Predictive Value of Plasma MicroRNA-216a/b in the Diagnosis of Esophageal Squamous Cell Carcinoma

1Department of Medical Laboratory, The First Affiliated Hospital of Zhengzhou University, Zhengzhou, Henan 450052, China
2Key Medical Laboratory of Henan Province, Zhengzhou, Henan 450052, China
3Department of Medical Laboratory, The Second Affiliated Hospital of Zhengzhou University, Zhengzhou, Henan 450052, China

Received 24 October 2015; Accepted 20 January 2016

Academic Editor: Xiaohong Li

Copyright © 2016 Shuling Dong et al. This is an open access article distributed under the Creative Commons Attribution License, which permits unrestricted use, distribution, and reproduction in any medium, provided the original work is properly cited.

Abstract

Esophageal squamous cell carcinoma (ESCC) is a common human malignancy with poor survival, which was usually diagnosed at an advanced stage. MicroRNAs (miRNAs), a class of single stranded noncoding RNAs with only 17–25 ribonucleotides, were demonstrated to play an important role in lots of cancers. In the recent years, increasing evidence revealed that circulating miRNAs exhibited great potential in the diagnosis of various types of cancers. The present study was designed to evaluate the diagnostic value of plasma miRNA-216a/b for ESCC. Our results showed that the expression level of plasma miRNA-216a/b was significantly lower in ESCC patients compared with that of healthy controls.
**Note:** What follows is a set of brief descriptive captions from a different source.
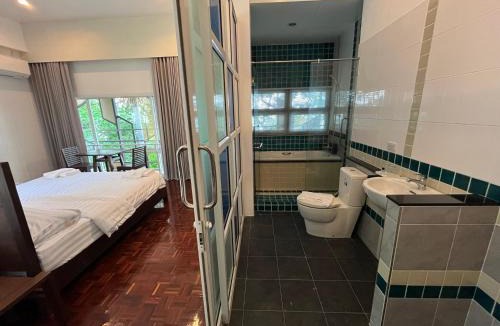 North Pattaya Cabin | Molecular cloud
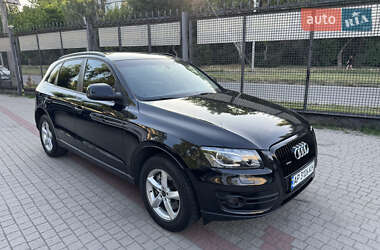 Позашляховик / Кросовер Audi Q5 2009 в Запоріжжі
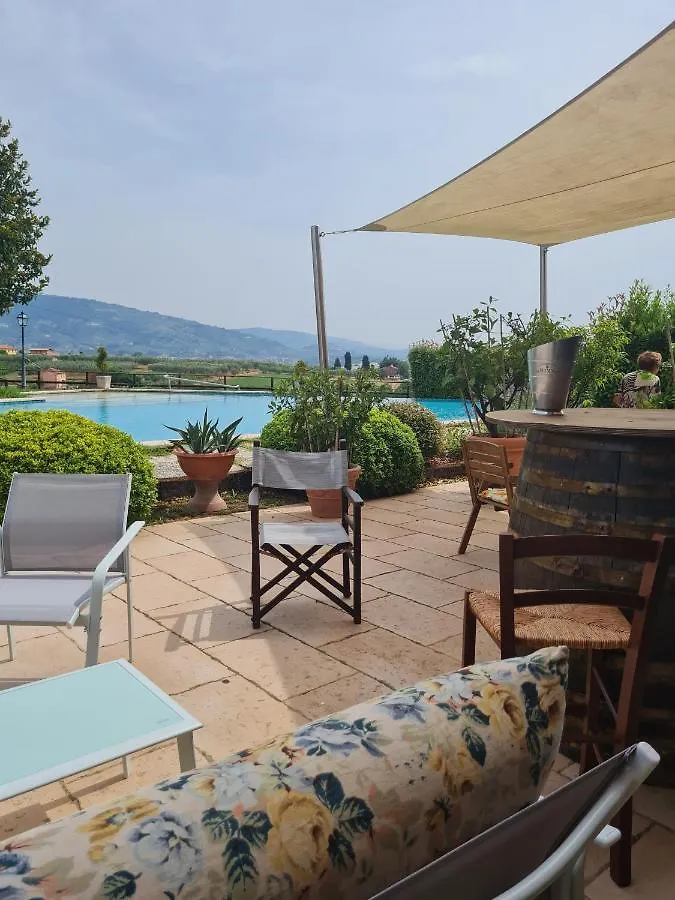 Da Ida Alla Vigna Del Greppo Apartment San Piero in Campo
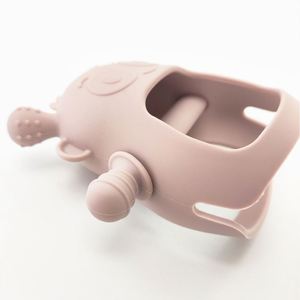 Mordedor de Silicona de Grado Alimenticio, Libre de BPA, con Diseño de Monstruo, para Bebés de 0 a 24 Meses, Unisex - Product Image 2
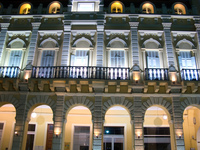 salta theatre Cafayate, Salta, Jujuy and Salta Provinces, Argentina, South America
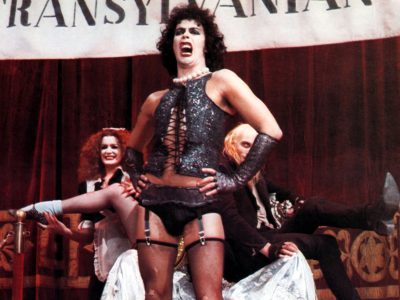 «The Rocky Horror Picture Show» накіроўваецца ў Las Vegas Sphere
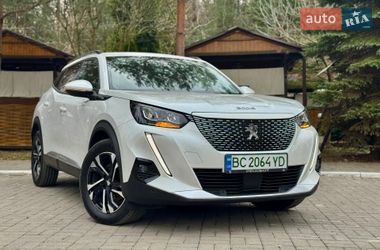Внедорожник / Кроссовер Peugeot e-2008 2020 в Дрогобыче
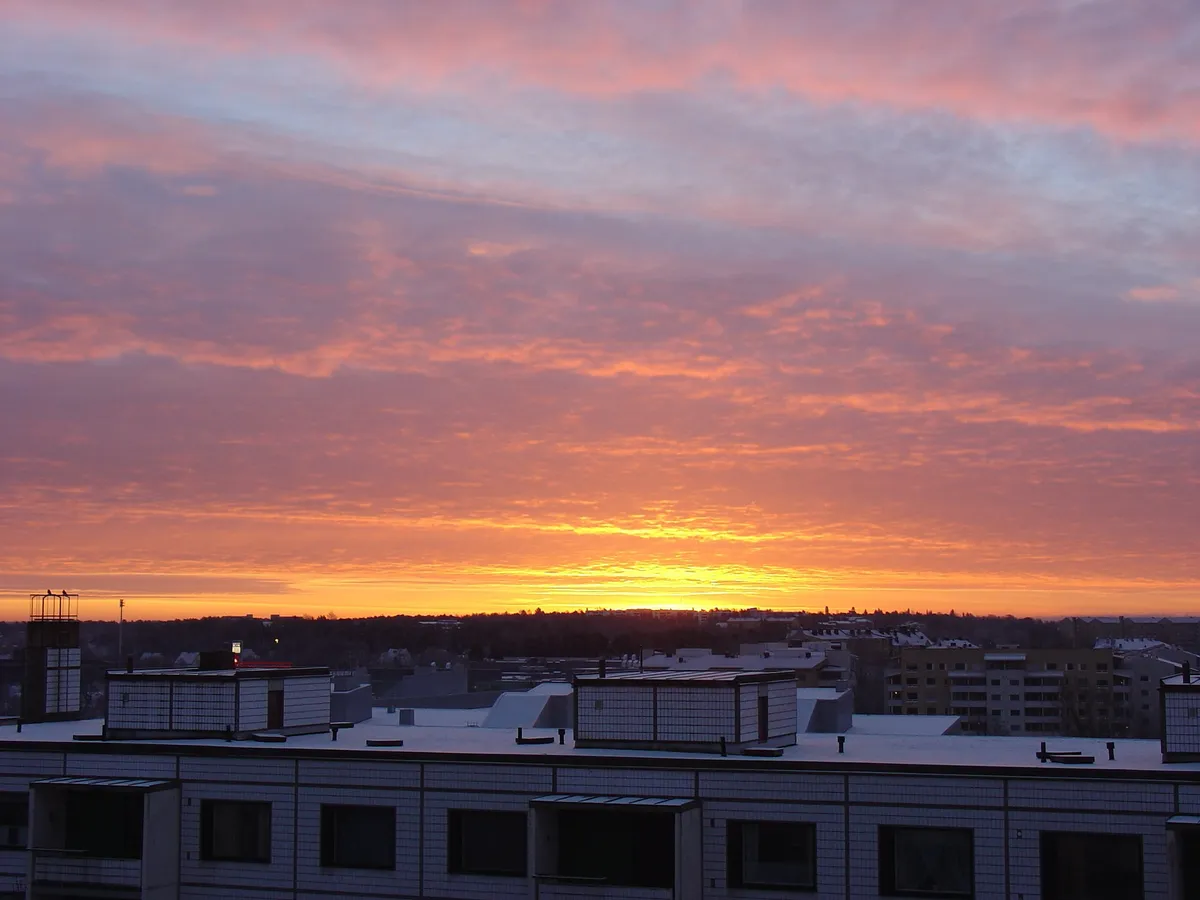 Kaskenkatu i Turku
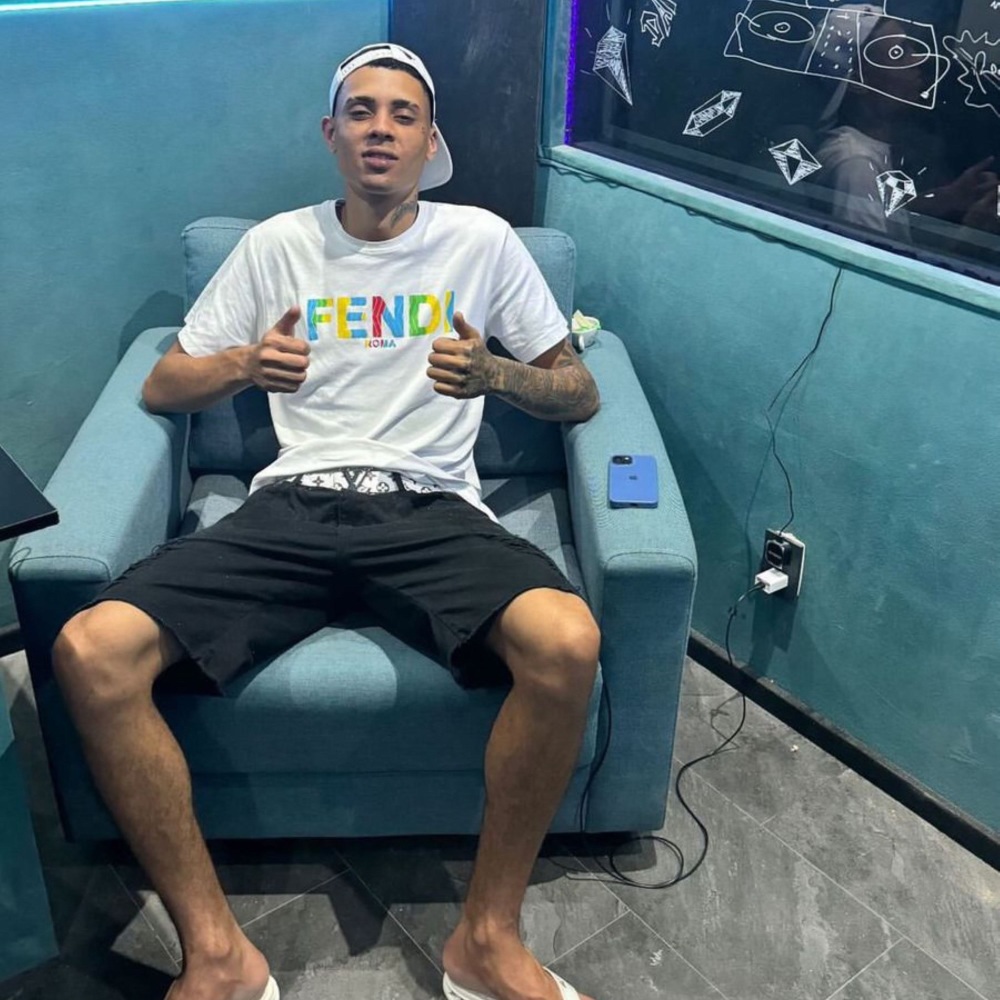 Medley Mc pedrinho Velho Testamento (Explicit)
The receiver operating characteristic (ROC) curve analysis yielded an area under the ROC curve (AUC) value of 0.877 [95% CI (confidence interval): 0.818–0.922] for miRNA-216a and 0.756 (95% CI: 0.685–0.819) for miRNA-216b. Clinical data indicated that plasma miRNA-216a/b were inversely correlated with lymph node metastasis and TNM stage. Additionally, the plasma miRNA-216b expression level was significantly upregulated in postoperative samples compared to preoperative samples. Our study, for the first time, demonstrated that plasma miRNA-216a/b might serve as potential biomarkers for the diagnosis of ESCC and dysregulation of miRNA-216a/b might be involved in the progression of ESCC.